Polesine, estate del 1951. Nilde e Norma sono cugine di vent’anni, vivono sole in una casa di campagna dopo aver perso i genitori durante un bombardamento del 1944. L’atmosfera è un po’ strana fin da subito, un lettore malizioso potrebbe cogliere qualche ambiguità destinata tuttavia a restare sotto traccia. Nilde è una ragazza seria, lavoratrice e responsabile. Norma appare invece agitata, ribelle, ostile al controllo famigliare.
Nell’estate della grande pianura si affaccia presto (forse troppo presto) l’elemento soprannaturale, e Norma ne viene rapita. Oscure presenze, sicuramente ostili e vagamente blasfeme infestano il fiume Po. Che cosa sta succedendo a questa ragazza, e perché sembra aver deciso di allontanarsi per sempre da Nilde?
Il lettore avrà il piacere di trovare tutte le risposte nelle pagine di Sonia Aggio; qui mi limiterò ad una recensione che potrebbe essere scambiata per formale, mentre ritengo sia sostanziale.

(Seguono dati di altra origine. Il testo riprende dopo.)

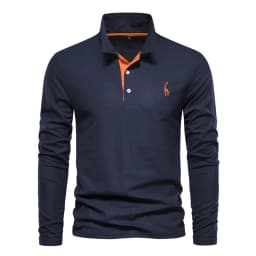 AIOPESON Deer Embroidery Men's Polo Shirts Solid Color Long Sleeve Polo Shirts for Men New Spring Social Business Polos Male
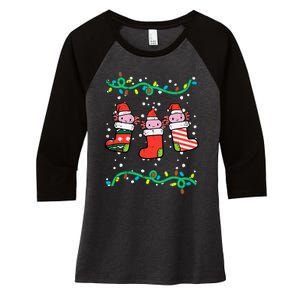 Christmas Stockings Axolotls Cute Xmas Girl Women's Tri-Blend 3/4-Sleeve Raglan Shirt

Ovviamente tutte le mie osservazioni hanno carattere personale, e siete liberi di essere in disaccordo.
Un bel romanzo d’esordio, dicevamo. Prima di scrivere questa recensione ho ascoltato alcune interviste della giovane autrice veneta, e il suo entusiasmo dimostra l’amore che ha messo nel libro. Il problema, però, è che mi sono imbattuto in alcune debolezze diffuse, per quanto comprensibili.
Innanzitutto il titolo: a parole Sonia Aggio dà una grande importanza alla figura della Madonna del Magnificat, come se fosse un elemento centrale della narrazione. Invece, da lettore, ho visto una certa fatica nel collocare questa immagine al posto giusto. Un po’ come quando la valigia è già troppo piena e dobbiamo sederci sopra per chiuderla. Questa sovrabbondanza è la vera debolezza di tutto il racconto, in effetti.
L’autrice, probabilmente nel corso di alcuni anni, si è trovata con la testa che scoppiava di idee e le dita che formicolavano sui tasti del computer. La sensazione che si prova in questi casi è bellissima, ma bisogna saperla gestire. Non vorrei aver frainteso, ma penso che Sonia Aggio si sia trovata davanti un meraviglioso pianoforte a coda, e lo abbia suonato con dita delicate e infreddolite, per quanto abili.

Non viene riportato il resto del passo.